HAVE MERCY ON ME A SINNER (v. 13)
If the Pharisee only saw himself, what is really so different with the ‘publican’ or the sinner?  Wasn’t he only focusing on himself too? What makes this sinner a better person in God’s eyes?  The Pharisee only sees himself as good.  This sinner only sees himself as bad.  So, what’s the real difference?  Aren’t they both just focusing only on themselves?  What is it that Jesus sees in the sinner that he didn’t see in this self-described ‘saint’?   Besides that, we all know that negative self-esteem isn’t good for you either, just like too much ego.  Just like people should over inflate their self-image, people also shouldn’t carry around such heavy guilt and negative thinking about themselves.  What ‘good’ does Jesus see in this fellow who appears to be too hard on himself?

Before we get to an answer, let’s look more closely at this ‘sinner’ and how he prays.  While the Pharisee ‘stands’ while he prays, the ‘sinner’ won’t even look up.  He bows his head.    While the Pharisee ‘thanks God’ for ‘not being like other people’, the ‘sinner’ goes straight to the heart of God, saying, “God, have mercy on me, a sinners!’  The Pharisee is thankful for what he thinks he is and has.  The Sinner faces what he knows he is, and isn’t?   In short, the Pharisee prays a ‘fake’ prayer and needs nothing from God, but the sinner’s prayer is ‘real’, honest, and has nothing, unless God delivers him.  The Pharisee doesn’t need God for anything.  He does it all himself.  The Sinner needs God in everything.  He is completely and utterly dependent upon God’s mercy, grace and love. 

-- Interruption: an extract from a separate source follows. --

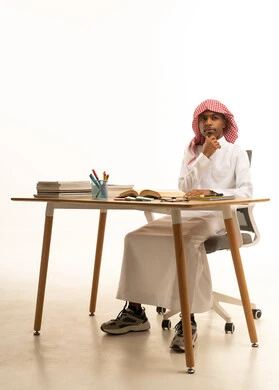 التركيز في حل وكتابة الواجب، التربية والتعليم بالمناهج المقررة للطلاب في المملكة العربية السعودية،  بورتريه لطالب عربي خليجي سعودي يرتدي الثوب الابيض والشماغ يجلس على الطاولة يقوم بالمذاكرة, خلفية بيضاء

With a closer look, you come to understand that it’s not that this ‘sinner’ is negating himself, but what he’s really doing is ‘putting himself’ completely into God’s hands.  He’s surrendering himself, so that he can move beyond himself, move beyond his own good, or in this case ‘bad’ deeds, so that now, he can be used of God.  In other words, in this fellow understanding of himself, he’s a sinner, just like everyone else is a sinner. In his own view of life, there are no chiefs and Indians, good or bad, saint or sinner, but everyone is an Indian, everyone fails, and everyone is a sinner.  Jesus lifts up this ‘sinner’ above the ‘Pharisee’ because, like him, and before God, and God’s perfect righteousness, everyone stands of prayer, of love, of mercy, of understanding, and in need of forgiveness from God, and from the other.  The theme song of the sinner who understands our human limits and dependency upon God is: “It’s me, It’s me, O Lord, standing in the need of prayer?

THIS ONE WENT DOWN JUSTIFIED…. (v. 14)
So, now that we see the difference; that the Pharisee could only see himself, was stuck on himself, and couldn’t see his need of God, and that Sinner, by humbling himself, faces the reality that everyone ‘stands in need’ of God’s mercy and grace, what does this matter?   We are told in the text, that the sinner ‘went down justified’, but what does that mean?

Practically, we’ve already said, haven’t we?   The one who ‘humbles’ himself is the one who completely depends upon God, so that he or she is able to get themselves out of the way and are now able to focus on others.   Recently, in our first Dinner Church Bible Study, we were talking about how one Church in Seattle, was able to start a new form of church, that was really an old form of church.  As a decline church, it started to realize it’s face it’s decline because it realize that it wasn’t trying to ‘rescue’ people.  Only when it became a church able to move beyond itself, was it able to focus on the most needy people in its community and then find God’s blessing and purpose that rejuvenated its ministry. 

One of the question that was asked in the book we were studying,  “Welcome to the Dinner Church”, was simply this: “Do you see God’s Church as primarily being in the rescue business?  Why or Why not?

One of the answers that was shared was that “ it has been difficult for churches to be in the business of rescuing others, because we are still too busy at having to rescue ourselves?”   What do you think that’s about?  Is it because preachers keep putting guilt trips on us, or we keep putting them upon ourselves?  What is it that keeps from getting involved in God’s mission?

Many years ago a man conned his way into the orchestra of the Emperor of China, although he could not play a single note. Whenever the group practiced or performed, he would hold his flute against his lips, pretending to play, but not making a sound. For years he received a good salary and enjoyed a comfortable living.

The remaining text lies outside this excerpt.